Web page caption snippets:
___

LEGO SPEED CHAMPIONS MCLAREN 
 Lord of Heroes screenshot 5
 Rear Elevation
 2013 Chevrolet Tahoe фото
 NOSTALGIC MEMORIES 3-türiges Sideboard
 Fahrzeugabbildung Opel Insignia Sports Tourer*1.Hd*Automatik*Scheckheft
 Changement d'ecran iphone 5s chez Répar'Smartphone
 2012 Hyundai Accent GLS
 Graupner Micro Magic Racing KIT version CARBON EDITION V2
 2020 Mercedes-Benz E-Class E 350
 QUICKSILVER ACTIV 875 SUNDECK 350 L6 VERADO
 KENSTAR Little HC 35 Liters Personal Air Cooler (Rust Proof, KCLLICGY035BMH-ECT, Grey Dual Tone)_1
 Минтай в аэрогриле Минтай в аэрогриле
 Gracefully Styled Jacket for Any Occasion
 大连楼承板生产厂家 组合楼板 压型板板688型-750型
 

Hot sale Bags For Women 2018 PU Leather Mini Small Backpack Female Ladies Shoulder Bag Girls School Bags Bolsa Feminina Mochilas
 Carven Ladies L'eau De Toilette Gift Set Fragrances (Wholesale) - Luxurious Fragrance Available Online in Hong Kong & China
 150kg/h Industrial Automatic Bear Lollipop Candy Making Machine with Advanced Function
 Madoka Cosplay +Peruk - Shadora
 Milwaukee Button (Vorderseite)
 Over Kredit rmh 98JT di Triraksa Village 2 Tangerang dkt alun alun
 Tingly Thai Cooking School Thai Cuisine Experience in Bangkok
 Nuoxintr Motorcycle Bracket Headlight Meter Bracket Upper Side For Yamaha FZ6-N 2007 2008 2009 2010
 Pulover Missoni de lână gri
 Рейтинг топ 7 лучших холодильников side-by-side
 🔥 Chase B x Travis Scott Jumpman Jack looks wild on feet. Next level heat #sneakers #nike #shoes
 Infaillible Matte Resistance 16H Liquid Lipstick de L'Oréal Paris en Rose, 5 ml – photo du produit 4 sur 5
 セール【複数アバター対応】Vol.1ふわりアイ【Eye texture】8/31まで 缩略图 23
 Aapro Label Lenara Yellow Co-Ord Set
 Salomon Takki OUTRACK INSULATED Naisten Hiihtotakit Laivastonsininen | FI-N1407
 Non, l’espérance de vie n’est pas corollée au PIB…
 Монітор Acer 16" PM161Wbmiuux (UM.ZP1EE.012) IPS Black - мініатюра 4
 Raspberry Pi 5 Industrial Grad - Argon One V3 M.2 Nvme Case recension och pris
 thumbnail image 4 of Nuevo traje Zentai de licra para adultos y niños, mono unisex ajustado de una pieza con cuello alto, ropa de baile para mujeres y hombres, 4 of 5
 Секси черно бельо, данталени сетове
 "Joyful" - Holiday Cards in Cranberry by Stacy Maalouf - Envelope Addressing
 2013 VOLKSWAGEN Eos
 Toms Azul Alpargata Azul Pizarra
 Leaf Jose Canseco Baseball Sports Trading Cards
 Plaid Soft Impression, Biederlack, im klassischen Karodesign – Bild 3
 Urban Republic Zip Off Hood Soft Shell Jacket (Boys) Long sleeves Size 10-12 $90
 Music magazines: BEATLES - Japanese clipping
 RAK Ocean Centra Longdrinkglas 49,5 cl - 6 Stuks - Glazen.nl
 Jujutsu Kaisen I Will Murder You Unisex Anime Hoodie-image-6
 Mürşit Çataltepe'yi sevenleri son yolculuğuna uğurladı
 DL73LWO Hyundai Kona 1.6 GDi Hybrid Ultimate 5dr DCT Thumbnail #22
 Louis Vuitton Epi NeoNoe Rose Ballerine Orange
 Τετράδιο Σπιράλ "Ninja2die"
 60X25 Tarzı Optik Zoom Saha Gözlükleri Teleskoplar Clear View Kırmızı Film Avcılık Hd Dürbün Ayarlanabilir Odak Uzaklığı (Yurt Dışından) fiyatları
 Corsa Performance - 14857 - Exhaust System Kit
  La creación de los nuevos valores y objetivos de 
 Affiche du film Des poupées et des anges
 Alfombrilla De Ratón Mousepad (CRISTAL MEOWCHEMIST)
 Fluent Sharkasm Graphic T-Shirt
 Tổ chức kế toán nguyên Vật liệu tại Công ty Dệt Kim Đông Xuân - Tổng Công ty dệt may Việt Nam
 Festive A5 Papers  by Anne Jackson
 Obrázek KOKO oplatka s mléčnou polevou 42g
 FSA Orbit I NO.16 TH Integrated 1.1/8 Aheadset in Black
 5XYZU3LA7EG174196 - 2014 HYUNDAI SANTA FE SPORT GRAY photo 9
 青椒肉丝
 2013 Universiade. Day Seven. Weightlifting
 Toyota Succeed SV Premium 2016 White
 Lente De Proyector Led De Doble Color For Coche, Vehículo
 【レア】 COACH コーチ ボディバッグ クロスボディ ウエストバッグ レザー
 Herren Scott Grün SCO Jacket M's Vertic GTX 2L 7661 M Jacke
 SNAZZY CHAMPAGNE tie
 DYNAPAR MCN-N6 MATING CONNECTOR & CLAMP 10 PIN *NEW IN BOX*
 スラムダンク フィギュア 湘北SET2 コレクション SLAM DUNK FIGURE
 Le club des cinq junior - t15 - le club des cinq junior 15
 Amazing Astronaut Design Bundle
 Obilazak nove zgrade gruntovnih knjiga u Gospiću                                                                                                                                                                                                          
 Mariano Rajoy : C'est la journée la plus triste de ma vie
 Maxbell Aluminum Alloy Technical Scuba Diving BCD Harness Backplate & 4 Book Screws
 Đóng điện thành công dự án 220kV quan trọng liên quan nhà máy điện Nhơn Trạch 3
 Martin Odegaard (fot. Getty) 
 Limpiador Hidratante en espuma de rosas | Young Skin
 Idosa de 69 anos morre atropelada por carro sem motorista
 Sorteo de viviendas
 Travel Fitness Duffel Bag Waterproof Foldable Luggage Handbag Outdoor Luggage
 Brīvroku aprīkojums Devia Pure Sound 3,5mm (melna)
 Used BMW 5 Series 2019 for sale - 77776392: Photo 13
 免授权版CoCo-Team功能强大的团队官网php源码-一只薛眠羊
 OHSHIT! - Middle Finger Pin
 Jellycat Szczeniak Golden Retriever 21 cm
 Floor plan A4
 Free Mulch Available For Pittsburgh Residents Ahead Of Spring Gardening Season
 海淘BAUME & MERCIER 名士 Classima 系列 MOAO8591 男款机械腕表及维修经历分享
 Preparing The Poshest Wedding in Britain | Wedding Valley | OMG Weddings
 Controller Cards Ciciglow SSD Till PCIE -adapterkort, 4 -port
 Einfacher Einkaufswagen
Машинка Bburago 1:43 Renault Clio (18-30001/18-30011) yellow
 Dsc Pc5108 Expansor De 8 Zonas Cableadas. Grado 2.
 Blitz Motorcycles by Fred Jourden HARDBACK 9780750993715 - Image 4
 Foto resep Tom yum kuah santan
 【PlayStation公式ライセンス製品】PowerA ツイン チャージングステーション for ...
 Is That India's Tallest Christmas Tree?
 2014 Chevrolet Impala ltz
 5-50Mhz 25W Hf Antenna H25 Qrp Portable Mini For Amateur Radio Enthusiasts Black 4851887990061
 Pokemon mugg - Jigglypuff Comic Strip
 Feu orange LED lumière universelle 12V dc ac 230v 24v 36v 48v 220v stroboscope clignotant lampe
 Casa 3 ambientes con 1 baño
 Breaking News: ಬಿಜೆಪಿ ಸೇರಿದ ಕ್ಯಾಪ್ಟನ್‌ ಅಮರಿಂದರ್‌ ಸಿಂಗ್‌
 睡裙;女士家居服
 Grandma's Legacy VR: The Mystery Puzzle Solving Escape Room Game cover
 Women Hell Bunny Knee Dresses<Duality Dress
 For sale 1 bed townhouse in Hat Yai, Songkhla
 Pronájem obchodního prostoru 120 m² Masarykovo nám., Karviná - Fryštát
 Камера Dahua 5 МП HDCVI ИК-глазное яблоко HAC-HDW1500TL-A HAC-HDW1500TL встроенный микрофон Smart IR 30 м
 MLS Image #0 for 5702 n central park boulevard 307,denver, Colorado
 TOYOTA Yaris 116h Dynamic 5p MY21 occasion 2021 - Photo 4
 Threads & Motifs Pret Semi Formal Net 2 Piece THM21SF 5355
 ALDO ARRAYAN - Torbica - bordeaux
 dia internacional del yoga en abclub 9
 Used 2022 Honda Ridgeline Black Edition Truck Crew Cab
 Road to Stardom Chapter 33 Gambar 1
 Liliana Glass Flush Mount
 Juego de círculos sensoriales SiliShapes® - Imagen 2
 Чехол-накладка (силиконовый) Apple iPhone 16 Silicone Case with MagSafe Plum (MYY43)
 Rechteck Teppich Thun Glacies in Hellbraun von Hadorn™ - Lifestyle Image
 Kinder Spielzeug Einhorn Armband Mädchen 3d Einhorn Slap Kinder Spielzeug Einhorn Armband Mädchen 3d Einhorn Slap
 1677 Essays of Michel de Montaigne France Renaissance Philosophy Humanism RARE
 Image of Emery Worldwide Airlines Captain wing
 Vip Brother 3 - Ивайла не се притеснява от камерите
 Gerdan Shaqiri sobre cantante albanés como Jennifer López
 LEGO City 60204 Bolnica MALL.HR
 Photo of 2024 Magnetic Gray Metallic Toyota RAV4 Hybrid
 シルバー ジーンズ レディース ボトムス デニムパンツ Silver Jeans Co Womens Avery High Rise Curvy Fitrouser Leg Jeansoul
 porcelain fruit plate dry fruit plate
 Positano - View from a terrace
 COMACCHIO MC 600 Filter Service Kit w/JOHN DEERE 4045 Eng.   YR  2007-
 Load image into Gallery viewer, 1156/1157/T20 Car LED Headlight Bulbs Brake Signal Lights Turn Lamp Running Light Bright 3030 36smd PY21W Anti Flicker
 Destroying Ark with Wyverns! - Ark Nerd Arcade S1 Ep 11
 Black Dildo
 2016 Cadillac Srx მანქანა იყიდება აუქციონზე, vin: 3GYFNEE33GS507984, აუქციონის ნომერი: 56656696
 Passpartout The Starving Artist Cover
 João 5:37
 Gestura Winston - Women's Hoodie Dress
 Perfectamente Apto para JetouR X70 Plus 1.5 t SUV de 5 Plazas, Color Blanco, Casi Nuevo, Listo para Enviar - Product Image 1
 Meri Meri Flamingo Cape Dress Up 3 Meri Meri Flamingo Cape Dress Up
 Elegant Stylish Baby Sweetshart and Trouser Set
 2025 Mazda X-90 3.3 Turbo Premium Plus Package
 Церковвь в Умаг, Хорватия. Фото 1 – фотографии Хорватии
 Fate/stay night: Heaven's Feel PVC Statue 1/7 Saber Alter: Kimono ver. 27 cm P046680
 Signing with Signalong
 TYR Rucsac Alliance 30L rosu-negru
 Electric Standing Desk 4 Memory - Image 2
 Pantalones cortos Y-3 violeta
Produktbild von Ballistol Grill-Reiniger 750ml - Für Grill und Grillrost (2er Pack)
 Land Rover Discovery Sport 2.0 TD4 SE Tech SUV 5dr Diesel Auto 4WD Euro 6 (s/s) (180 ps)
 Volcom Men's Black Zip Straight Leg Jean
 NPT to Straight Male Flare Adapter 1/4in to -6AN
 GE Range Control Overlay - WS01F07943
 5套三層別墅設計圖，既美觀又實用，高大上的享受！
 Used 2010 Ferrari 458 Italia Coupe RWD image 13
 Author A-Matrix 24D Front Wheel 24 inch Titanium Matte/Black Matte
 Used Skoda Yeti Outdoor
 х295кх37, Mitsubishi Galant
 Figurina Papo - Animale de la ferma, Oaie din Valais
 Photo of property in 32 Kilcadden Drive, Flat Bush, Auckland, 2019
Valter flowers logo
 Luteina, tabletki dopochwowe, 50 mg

___

#### Task objective:
Give back the entries above exactly as they are, from their first line through the line that contains "- мініатюра 4", both included, with nothing else.

#### Answer box:
LEGO SPEED CHAMPIONS MCLAREN 
 Lord of Heroes screenshot 5
 Rear Elevation
 2013 Chevrolet Tahoe фото
 NOSTALGIC MEMORIES 3-türiges Sideboard
 Fahrzeugabbildung Opel Insignia Sports Tourer*1.Hd*Automatik*Scheckheft
 Changement d'ecran iphone 5s chez Répar'Smartphone
 2012 Hyundai Accent GLS
 Graupner Micro Magic Racing KIT version CARBON EDITION V2
 2020 Mercedes-Benz E-Class E 350
 QUICKSILVER ACTIV 875 SUNDECK 350 L6 VERADO
 KENSTAR Little HC 35 Liters Personal Air Cooler (Rust Proof, KCLLICGY035BMH-ECT, Grey Dual Tone)_1
 Минтай в аэрогриле Минтай в аэрогриле
 Gracefully Styled Jacket for Any Occasion
 大连楼承板生产厂家 组合楼板 压型板板688型-750型
 

Hot sale Bags For Women 2018 PU Leather Mini Small Backpack Female Ladies Shoulder Bag Girls School Bags Bolsa Feminina Mochilas
 Carven Ladies L'eau De Toilette Gift Set Fragrances (Wholesale) - Luxurious Fragrance Available Online in Hong Kong & China
 150kg/h Industrial Automatic Bear Lollipop Candy Making Machine with Advanced Function
 Madoka Cosplay +Peruk - Shadora
 Milwaukee Button (Vorderseite)
 Over Kredit rmh 98JT di Triraksa Village 2 Tangerang dkt alun alun
 Tingly Thai Cooking School Thai Cuisine Experience in Bangkok
 Nuoxintr Motorcycle Bracket Headlight Meter Bracket Upper Side For Yamaha FZ6-N 2007 2008 2009 2010
 Pulover Missoni de lână gri
 Рейтинг топ 7 лучших холодильников side-by-side
 🔥 Chase B x Travis Scott Jumpman Jack looks wild on feet. Next level heat #sneakers #nike #shoes
 Infaillible Matte Resistance 16H Liquid Lipstick de L'Oréal Paris en Rose, 5 ml – photo du produit 4 sur 5
 セール【複数アバター対応】Vol.1ふわりアイ【Eye texture】8/31まで 缩略图 23
 Aapro Label Lenara Yellow Co-Ord Set
 Salomon Takki OUTRACK INSULATED Naisten Hiihtotakit Laivastonsininen | FI-N1407
 Non, l’espérance de vie n’est pas corollée au PIB…
 Монітор Acer 16" PM161Wbmiuux (UM.ZP1EE.012) IPS Black - мініатюра 4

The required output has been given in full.